Fact 2: I still have trouble understanding the different between self care and self harm for myself (not other people) and often make harmful choices instead of caring ones when triggered or under stress. Intention is part of the equation, but more is involved in understand the difference between self care and self harm behaviors.
Fact 3: Reality Testing is one of the best tools to help me decide between self care or self harm. However, I made the mistake of asking peers, colleagues, friends, and family for help with this in the past. Let’s just say that ruined many relationships and added more damage to my reputation. But this is not something I can do for myself.
Fact 4: In times of stress + flashbacks + triggers, etc., I experience an increase in symptoms. Increase in symptoms lead to shame spirals and OCD behavior. OCD behavior = uncontrollable urges to hurt myself (not others) to relieve the anxiety
What is the solution, you ask?
- Therapy with a trauma specialist I trust
- Calls to a crisis hotline with volunteers who listen with acceptance, respect, and empathy and are trained to offer support – not counseling – or coping strategies or just be there in the moment
- Talking with a spiritual mentor I trust
- Learning about other types of coping strategies from workshops and group sessions.

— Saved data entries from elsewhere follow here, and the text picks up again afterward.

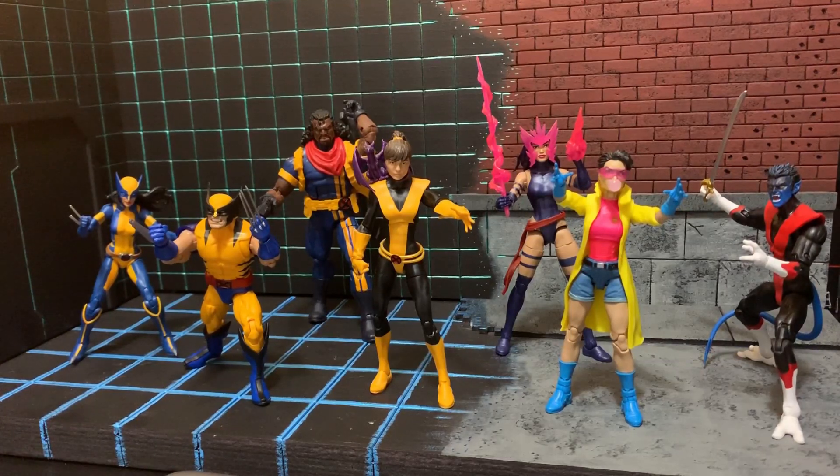I might be throwing in just a couple more figures, just because it's what I prefer, what I like. Let me know out of this group who is your favorite X-Men. Did I drop the ball — how did I forget about Psylocke on that classic cover? Let's look at some more X-People.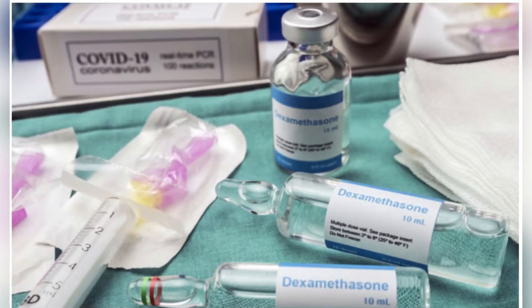Sometimes alopecia can be treated with corticosteroid injections to the scalp or oral corticosteroids, usually prescribed by your doctor. Alright, that's it for this video. See you in the next one. Goodbye.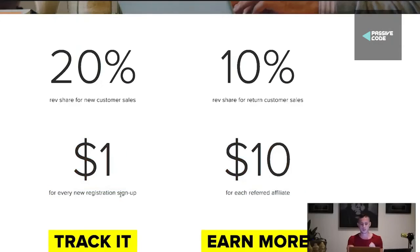It paid off in the form of billions of dollars of market cap. It's the same thing that PayPal did. When PayPal first started, they were giving out $10 per each referred user you signed up. People were signing up all of their friends and family, and PayPal spent millions and millions of dollars for this to happen — but then they became the market leader. Now PayPal is literally synonymous with online money. That's what CreativeLive is doing right now: $1 for every new registration signup, $10 for each referred affiliate.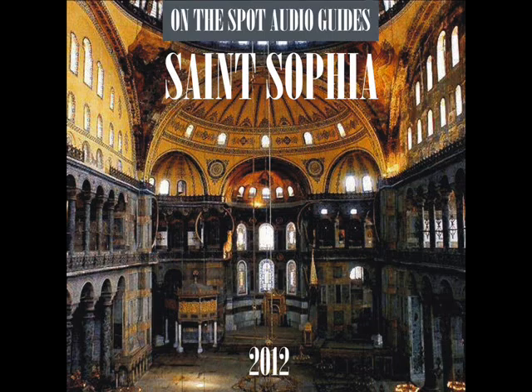The Lodge of the Empress is located in the center of the upper enclosure, or gallery, of the Saint Sophia. From there, the Empress and the court ladies would watch the proceedings down below. A round, green stone marks the spot where the throne of the Empress stood.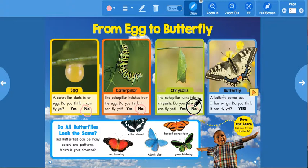Let's look at the blue rectangle. What is that? It's a butterfly! It says a butterfly comes out — it has wings. Do you think it can fly yet? Yes! Now it has wings, right?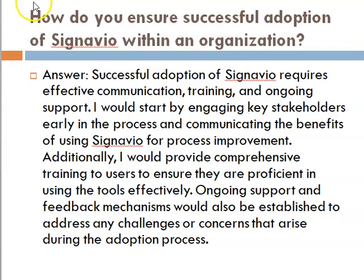Question: how do you ensure successful adoption of Signavio within an organization? Answer: Successful adoption of Signavio requires effective communication, training, and ongoing support. I would start by engaging key stakeholders early in the process and communicating the benefits of using Signavio for process improvement. Additionally, I would provide comprehensive training to users to ensure they are proficient in using the tools effectively. Ongoing support and feedback mechanisms would also be established to address any challenges or concerns that arise during the adoption process.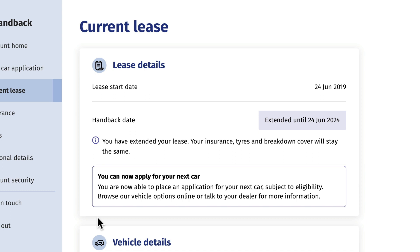You'll need to be in the last three months of your existing lease to do this. If you don't see the option to extend your lease, please contact us to discuss your options.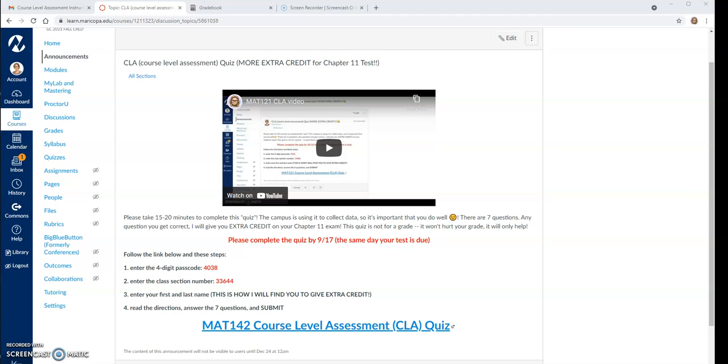Hopefully you're working on your chapter 11 review in my math lab to get your first extra credit, but this is an opportunity for you to earn another seven points toward your chapter 11 test.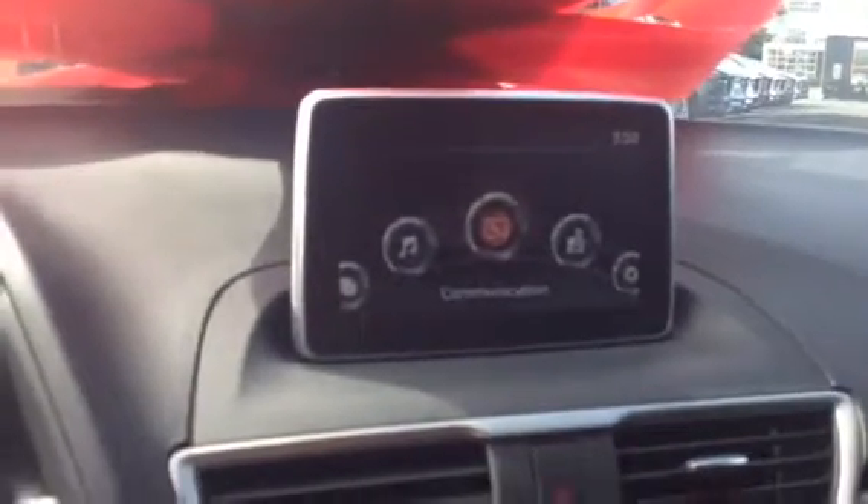There it is — got the Bluetooth, music, all the goodies. Let's put it in reverse just so you can see that it does have the backup camera. The trunk is open so it's showing that on the display, but it works.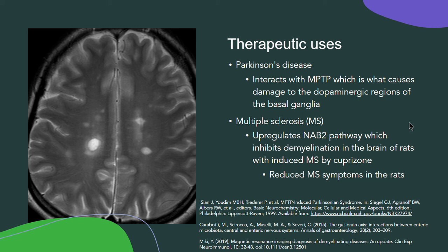BPC-157 could also be used for multiple sclerosis, because it upregulates the NAB2 pathway, which inhibits demyelination in the brain of rats. These rats had induced multiple sclerosis via cuprazone, and BPC-157 reduced their multiple sclerosis symptoms as well. That's all — I hope you learned something and understood the power of BPC-157.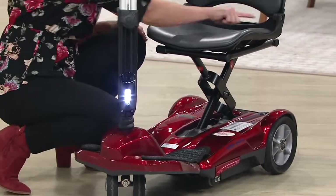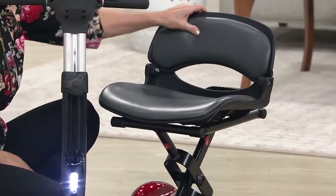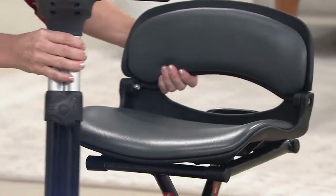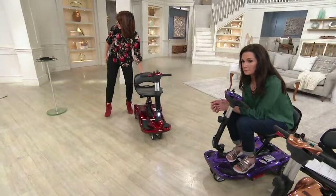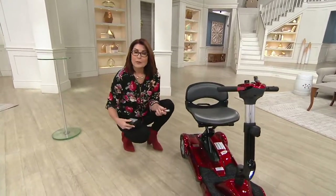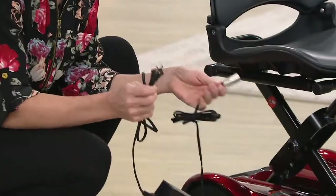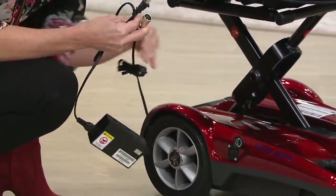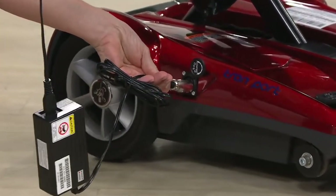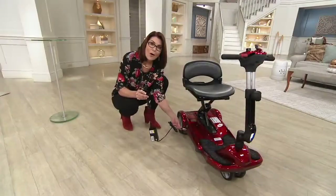The seats are ergonomically designed and contoured to accommodate your thighs and bottom. They're padded, and even the seat backrest is padded. It's not going to cut off circulation or come at you at a 90-degree angle. When it comes to charging — always travel with this charger. If you forgot to charge it, just find a power source anywhere. There's a little port here, and this end of the charger only goes in one way so you can't get it wrong. You can even stop for a cup of coffee and charge it to get through the rest of your trip.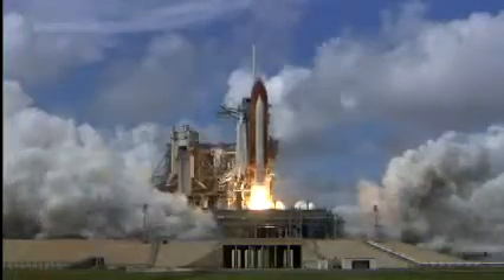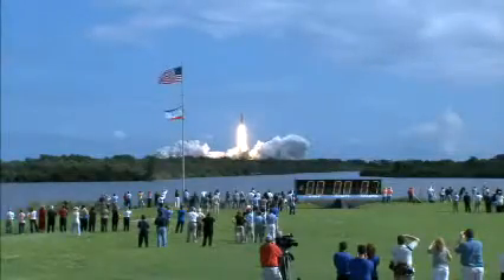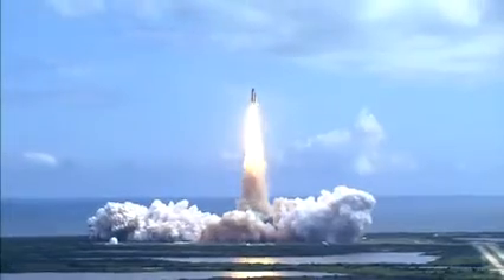Booster ignition and liftoff of Discovery, hoisting harmony to the heavens and opening new gateways for international science. Discovery has cleared the tower.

Being confident to acknowledge I am smart enough to know I don’t know everything and don’t want to know everything. That takes away the mystery and beauty of life’s journey.

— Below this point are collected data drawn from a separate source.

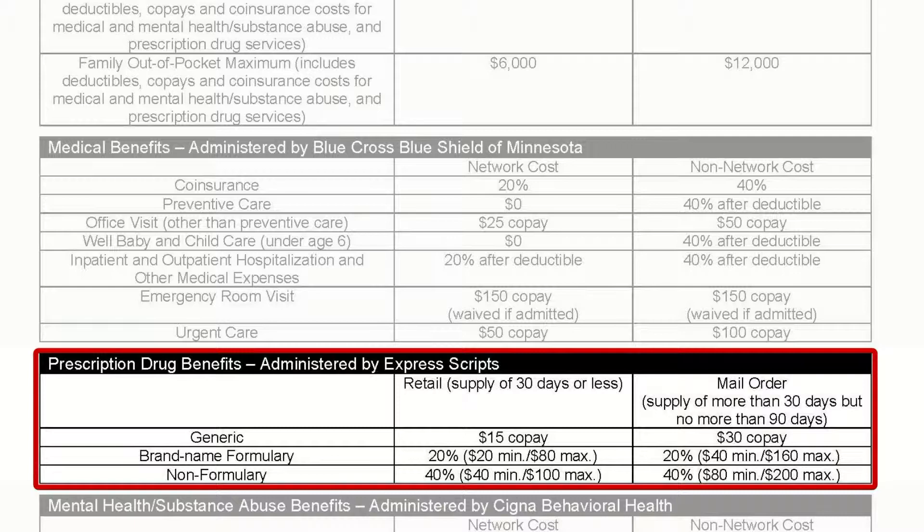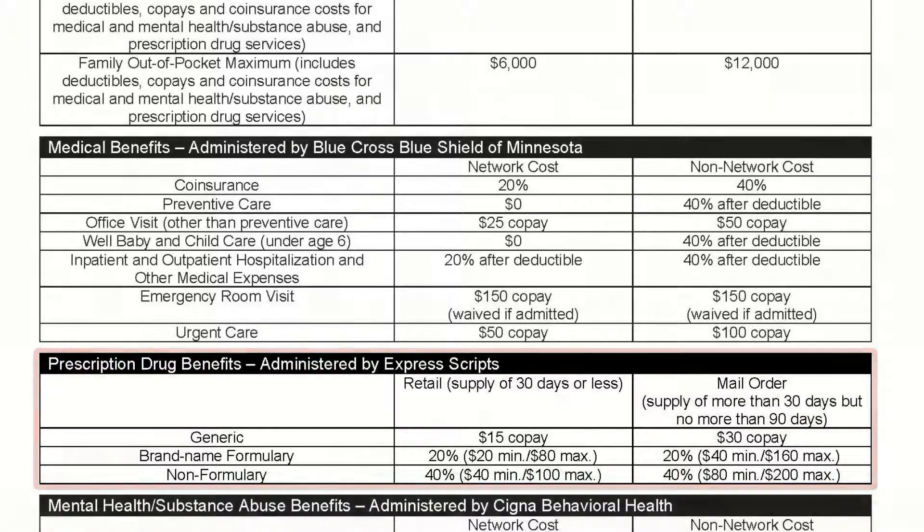Brand formulary drugs have a 20% coinsurance with a minimum of $20 and a maximum of $80. Non-formulary drugs have 40% coinsurance with a minimum of $40 and a maximum of $100.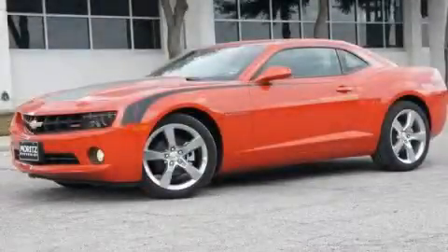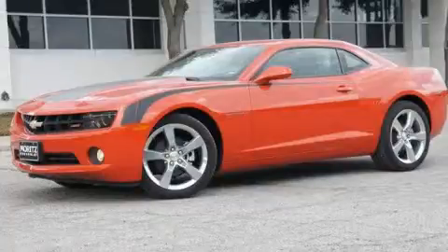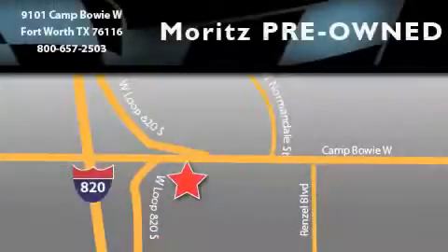Contact us today and schedule your opportunity to see this automobile in person. Moritz Chevrolet Chrysler Jeep Dodge is located at 9101 Camp Bowie in Fort Worth. Our goal is to exceed all of your expectations to ensure that you'll return for future visits.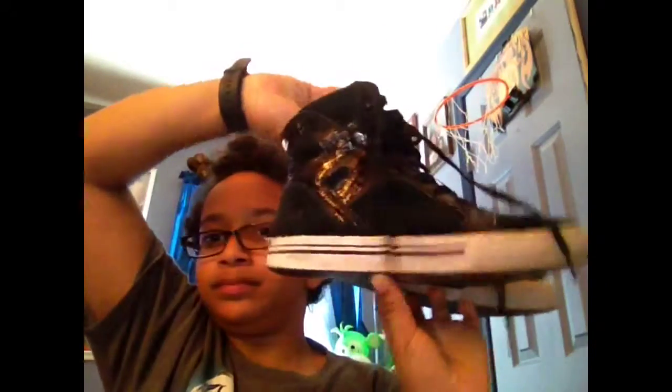And now for my supers collection. I have these, and then I have these, and then I have my favorite pair of supers right here. They still have that new shoe smell even though I got them for Christmas.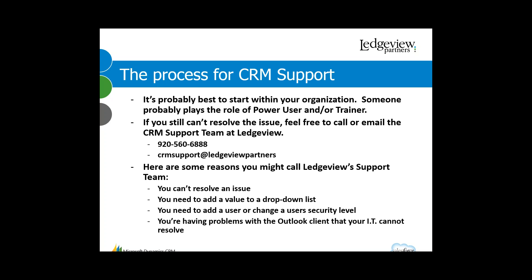There are a few reasons why you might call support. The obvious one is you just can't resolve an issue. Another reason is you need to add a value to your dropdown list — for example, a new industry, a new payment term, or a new product segment. Your power user or trainer might know how to set those up, but as your administrator, we can go into the guts of CRM and make that change for you.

Trust – or Lack of It – vs Fear of Myself
I don’t trust myself to make good choices when under certain kinds of stress. All parts of me feel this way.
That ability requires knowledge we don’t have, but others do have. It’s an opportunity for us to learn, practice, make mistakes, and experience success in a safe space
…once all parts of me find someone willing to do this with us.
That is where long term counseling or therapy (trauma specialist for me, but some other generalist or specialist for you?) come into play.
In times of great need (like now), I have weekly sessions with my counselor. In times of decreased symptoms, I visit once a month or once every other month.
Between those extremes, session frequency varies.
Throughout that process, I continue to learn and utilize outside sources.
My dependency comes from a need to test reality with someone I trust – a professional who understands my concerns and can teach me how to navigate them so that eventually I trust my judgement and can make good choices on my own.
So yes, I am dependent on my therapist and the hotline for specific kinds of support and education because I don’t trust myself to do that work on my own yet. They are my safety net.
So no, I am not in a co-dependent relationship (something I question often and fear getting into with anyone) with my therapist. Every session ends with me learning something or resolving an inner conflict that allows me to move (not always forward) instead of stay stuck in my rut. Movement eventually creates progress – at least for me it does.
Therapy as a Tool
All in all, I do believe therapy is a useful tool when used for a specific purpose.
It’s up to the individual or individuals engaging in a therapeutic relationship, with mental health professionals to do the hard work that gets results. They need to trust each other to make the relationship work in a way that allows the individual(s) to learn/grow/see results.
Reflection question: What would your purpose be for starting/continuing/stopping therapy and why?